The animal of described immune deficiency refers to the nude mice of T cellular immunity deficiency or the SCID mouse of T cell and B cell Reconstruction in Sever Combined Immunodeciency.
For realizing above-mentioned the 3rd purpose, the technical scheme that the present invention takes is: the application of described people's angioma animal model in the medicine that people's angioma is treated in research and the preparation of people's angioma formation mechanism.

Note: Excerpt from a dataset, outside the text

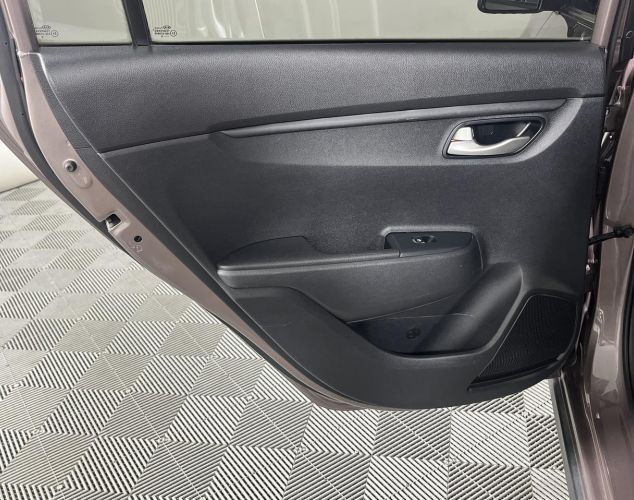 Kia Rio  Comfort XL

The invention has the advantages that:
1, the angioma of the present invention's formation has humanized characteristics fully, overcomes the people source characteristic of in the past having only part, uses the fluorescin tracer technique and confirms that formed angioma is formed by having humanized cell fully;
2, the angioma model of Xing Chenging has human angiomatous pathological characteristic fully, the histopathological basis experiment also confirms, the blood sinus spline structure that existence is expanded in the angioma tissue and new life's capillary etc., these pathological characteristics are organized closely similar with human angioma;
3, animal model of the present invention is very suitable for study of pathogenesis and the exploitation human angiomatous medicine for the treatment of or the method for people's angioma, and estimates curative effect and the angiomatous medicine of screening treatment of various treatment angioma medicines.
Description of drawings
Accompanying drawing 1 is people's angioma stem cell and the evaluation thereof of culture in vitro.A. show that with the growth curve of MTT analyzing and testing the stem cell that isolates and cultures has vigorous multiplication capacity, increased initial 16 times at 10 days inner cell numbers; B. RT-PCR result shows the positive cell expression stem cell specific gene Oct-4 that CD133 sorts out, and the obvious expression of negative cells obviously weakens, and S9 is confidential reference items; C. flow cytometry shows the mark that separates the mescenchymal stem cells of cultivating such as stem cell expression CD29, CD44.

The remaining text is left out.